After finding no underlying collusion with Russia, the Special Counsel’s report goes on to consider whether certain actions of the President could amount to obstruction of the Special Counsel’s investigation. As I addressed in my March 24th letter, the Special Counsel did not make a traditional prosecutorial judgment regarding this allegation. Instead, the report recounts ten episodes involving the President and discusses potential legal theories for connecting these actions to elements of an obstruction offense.
After carefully reviewing the facts and legal theories outlined in the report, and in consultation with the Office of Legal Counsel and other Department lawyers, the Deputy Attorney General and I concluded that the evidence developed by the Special Counsel is not sufficient to establish that the President committed an obstruction-of-justice offense.
Although the Deputy Attorney General and I disagreed with some of the Special Counsel’s legal theories and felt that some of the episodes examined did not amount to obstruction as a matter of law, we did not rely solely on that in making our decision.

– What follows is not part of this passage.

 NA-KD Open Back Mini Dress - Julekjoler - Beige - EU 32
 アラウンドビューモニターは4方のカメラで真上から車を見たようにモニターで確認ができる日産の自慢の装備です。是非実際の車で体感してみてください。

Instead, we accepted the Special Counsel’s legal framework for purposes of our analysis and evaluated the evidence as presented by the Special Counsel in reaching our conclusion.
In assessing the President’s actions discussed in the report, it is important to bear in mind the context. President Trump faced an unprecedented situation. As he entered into office, and sought to perform his responsibilities as President, federal agents and prosecutors were scrutinizing his conduct before and after taking office, and the conduct of some of his associates. At the same time, there was relentless speculation in the news media about the President’s personal culpability. Yet, as he said from the beginning, there was in fact no collusion. And as the Special Counsel’s report acknowledges, there is substantial evidence to show that the President was frustrated and angered by a sincere belief that the investigation was undermining his presidency, propelled by his political opponents, and fueled by illegal leaks. Nonetheless, the White House fully cooperated with the Special Counsel’s investigation, providing unfettered access to campaign and White House documents, directing senior aides to testify freely, and asserting no privilege claims. And at the same time, the President took no act that in fact deprived the Special Counsel of the documents and witnesses necessary to complete his investigation. Apart from whether the acts were obstructive, this evidence of non-corrupt motives weighs heavily against any allegation that the President had a corrupt intent to obstruct the investigation.
Now, before I take questions, I want to address a few aspects of the process for producing the public report that I am releasing today. As I said several times, the report contains limited redactions relating to four categories of information. To ensure as much transparency as possible, these redactions have been clearly labelled and color-coded so that readers can tell which redactions correspond to which categories.
As you will see, most of the redactions were compelled by the need to prevent harm to ongoing matters and to comply with court orders prohibiting the public disclosure of information bearing upon ongoing investigations and criminal cases, such as the IRA case and the Roger Stone case.
These redactions were applied by Department of Justice attorneys working closely together with attorneys from the Special Counsel’s Office, as well as with the intelligence community, and prosecutors who are handling ongoing cases. The redactions are their work product.